• [TASK DESCRIPTION] Exactly and only the lines from the line holding "プーマ ヴォヤージュ ニトロ4" to the end of the records should be reproduced. Leave pictures out.

[Extracted records]
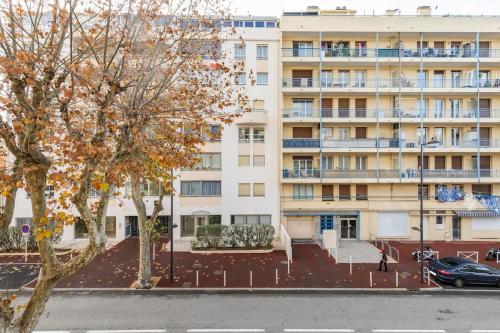 2Room Apart with AC, 3 min to the beach, Small garage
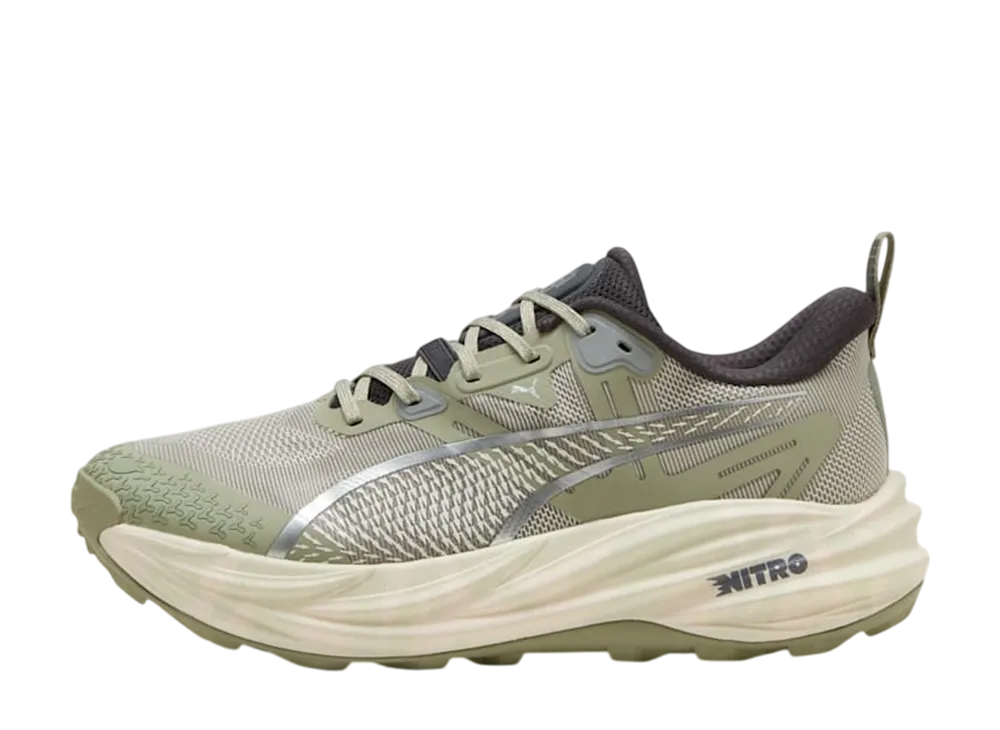 プーマ ヴォヤージュ ニトロ4 テレイン "ラックスアーミー/ウォームホワイト/ダスキーグレー"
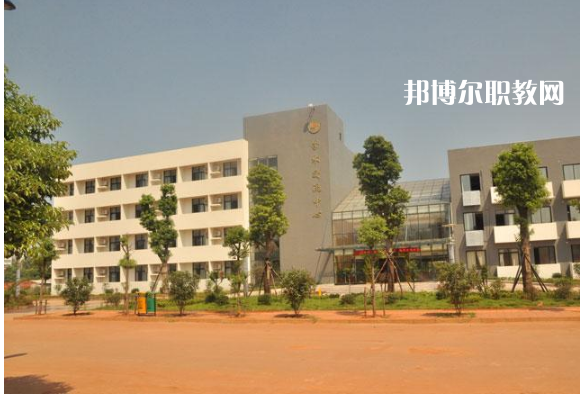 會東縣職業(yè)技術(shù)學(xué)校2022年報名條件、招生要求、招生對象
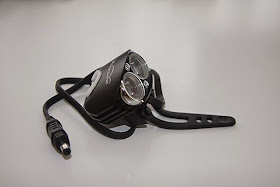 Foco Magicshine MJ-880 L2 2200 lumens, para rodar casi con luz de día Foco Magicshine MJ-880 L2 2200 lumens, para rodar casi con luz de día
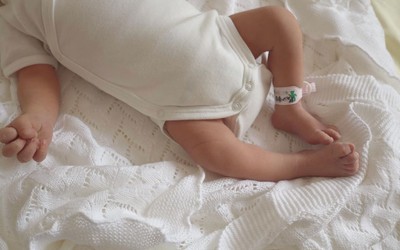 石橋杏奈さんが第2子出産報告でインスタグラムに投稿した長男の手足の様子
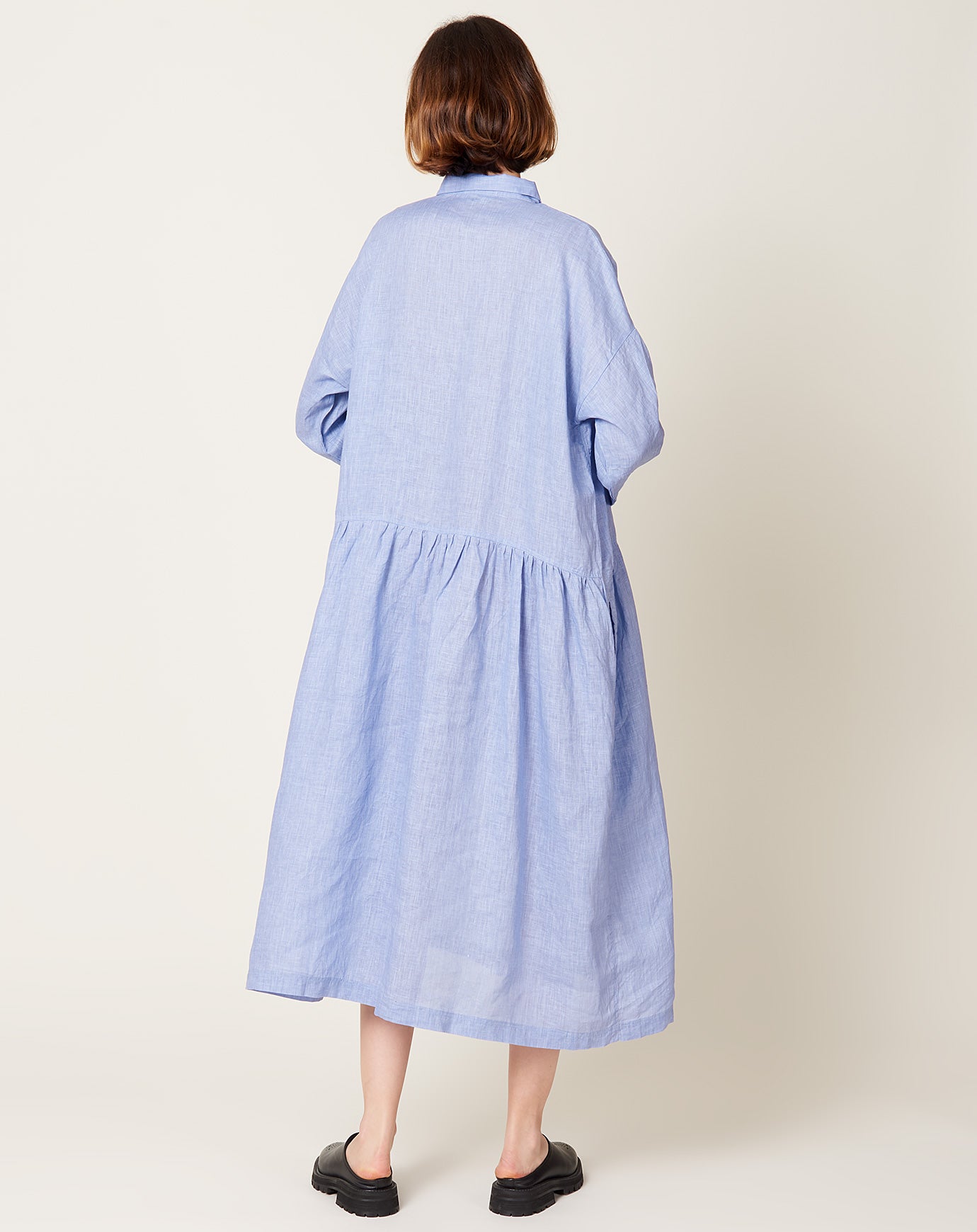 Ichi Antiquités Pigment Color Linen Dress in Blue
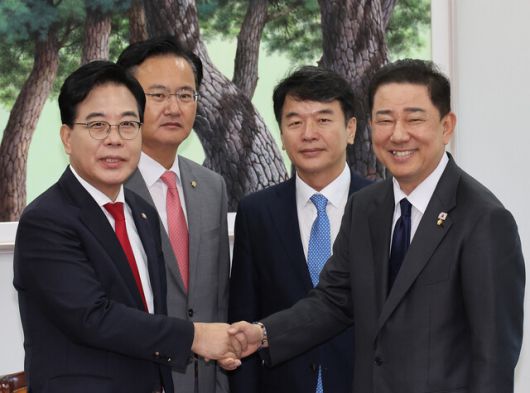 지난달 10일 국회에서 여야 원내대표단이 회동을 갖기 전 기념사진을 찍고 있다. 왼쪽부터 송언석 국민의힘 원내대표, 유상범 국민의힘 원내수석부대표, 문진석 더불어민주당 원내운영수석부대표, 김병기 민주당 원내대표. 연합뉴스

• [RESULT OF THE TASK]
 プーマ ヴォヤージュ ニトロ4 テレイン "ラックスアーミー/ウォームホワイト/ダスキーグレー"
 會東縣職業(yè)技術(shù)學(xué)校2022年報名條件、招生要求、招生對象
 Foco Magicshine MJ-880 L2 2200 lumens, para rodar casi con luz de día Foco Magicshine MJ-880 L2 2200 lumens, para rodar casi con luz de día
 石橋杏奈さんが第2子出産報告でインスタグラムに投稿した長男の手足の様子
 Ichi Antiquités Pigment Color Linen Dress in Blue
 지난달 10일 국회에서 여야 원내대표단이 회동을 갖기 전 기념사진을 찍고 있다. 왼쪽부터 송언석 국민의힘 원내대표, 유상범 국민의힘 원내수석부대표, 문진석 더불어민주당 원내운영수석부대표, 김병기 민주당 원내대표. 연합뉴스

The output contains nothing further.